Watch just one scene of this legendary Claire Labine/Paul Mayer creation and you immediately see why this show won a shocking number of writing Emmys and Writers Guild awards, even during its first few years. What is so compelling - and why every soap writer (and wannabe) in existence needs to watch - is not necessarily what this show is, but what it is not.
Witness a bit of "current" story synopsis: Siobhan, the free spirit of the five Ryan children, has recently arrived. She fights constantly with more grounded sister Mary, whose marriage to Jack has problems because Mary is spending so much time on brother Frank's run for the Senate. Frank is having an affair with his campaign manager, Rae, which has just been discovered by his ex, and the mother of his child, Jill. Maeve and Johnny, the Ryan clan's parents, are balancing the running of Ryan's Bar with refereeing frequent arguments among their kids and taking care of Finn MacCool, a huge dog Siobhan brought with her that Ma and Da watch while Siobhan nurses a sprained ankle.
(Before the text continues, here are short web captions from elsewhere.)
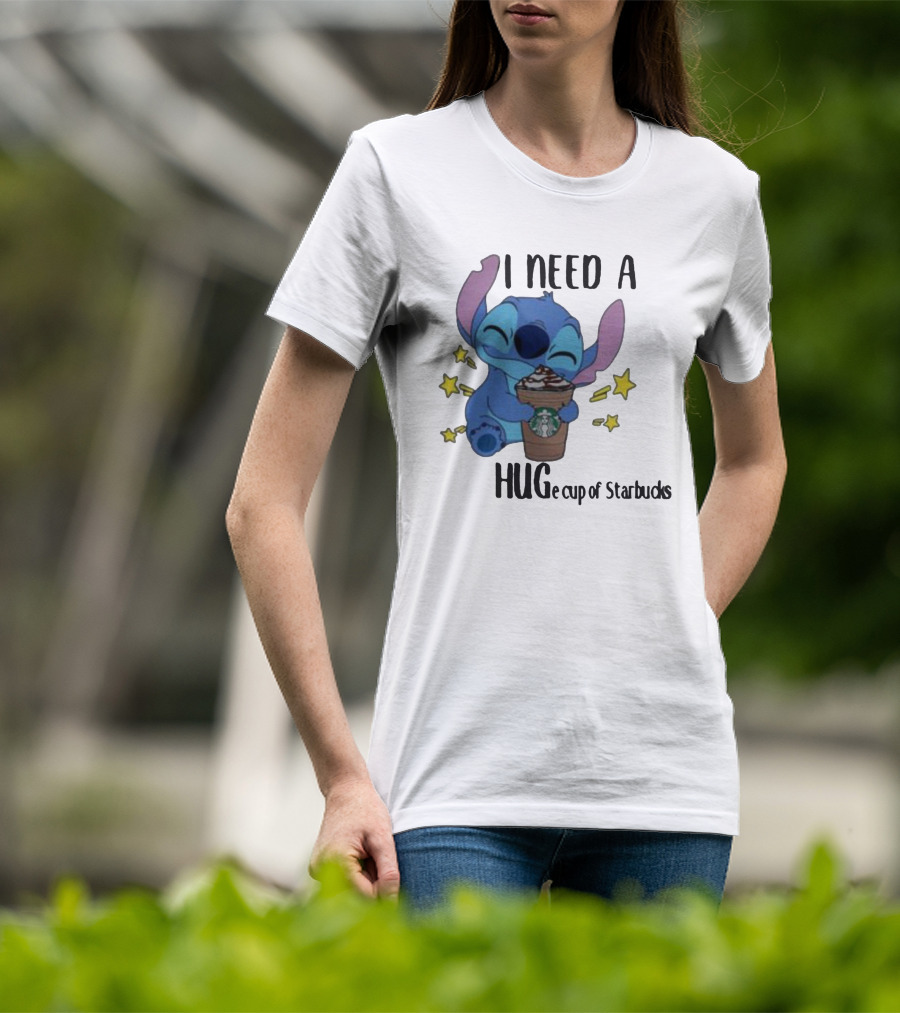 I Need A Hug Stitch Cup Of Starbucks T-Shirt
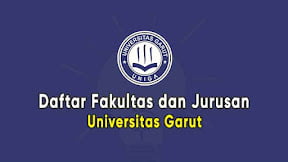 Daftar Fakultas dan Jurusan Universitas Garut (TERBARU)
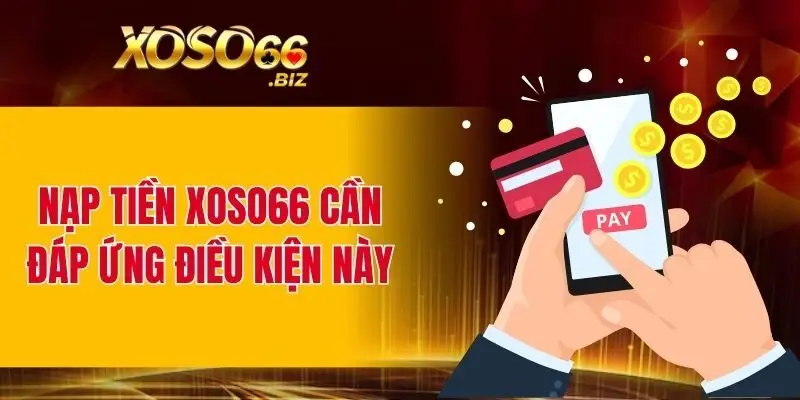 Nạp Tiền XOSO66 Cực Đơn Giản – Bắt Đầu Chơi Ngay Hôm Nay 1 Nạp tiền XOSO66 cần đáp ứng điều kiện này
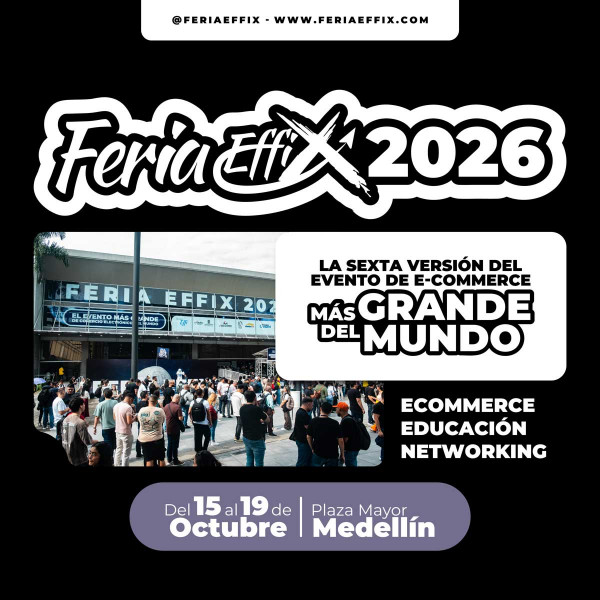 Feria del Comercio Electrónico EFFIX 2026 Feria del Comercio Electrónico EFFIX 2026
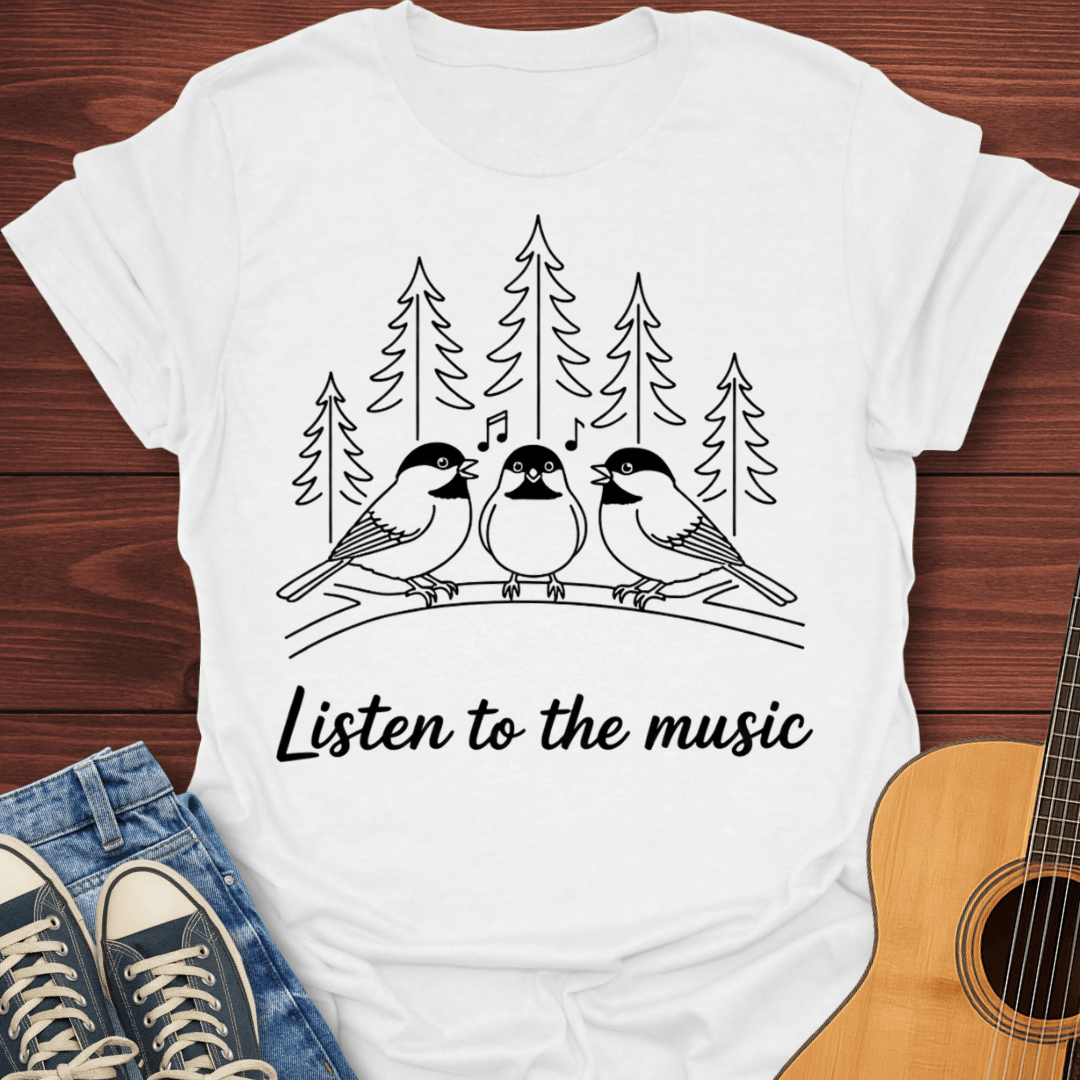 Listen To The Music T-Shirt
OK, class, what do you not see? Serial killers, unfrozen relavites, houses descending into hell, trips to tropical islands, etc.
Stories like that provide fantasy and escape. And while those plots have their place and are entertaining in their own right, there was a time when talented writers could make that looks-boring-in-print synopsis of RH just as compelling on an everyday basis as a host of more drastic and baroque storylines.
With so many soap writers and watchers alike bemoaning the forced contrivances of many current-day plots, a writer could dare to write a plot about...gasp!...something a family or person might really go through. (Of course, if your family is beset by brainwashed children or witches with talking dolls, then perhaps you already have all the characters to identify with.)
The biggest impetus for writers to watch RH and reconstruct its kind of home-and-hearth stories to balance out all the insanity comes from Labine herself in a quote about the creation of RH's bible and early story. "After a while, we weren't writing the stories anymore," Labine said. "Once the characterizations were set...the stories wrote themselves."
If that isn't impetus for a writer to create characters of that kind of self-propulsive depth - when scribes are pulling out their hat wondering what will lure a wandering audience back to their show - I don't know what is.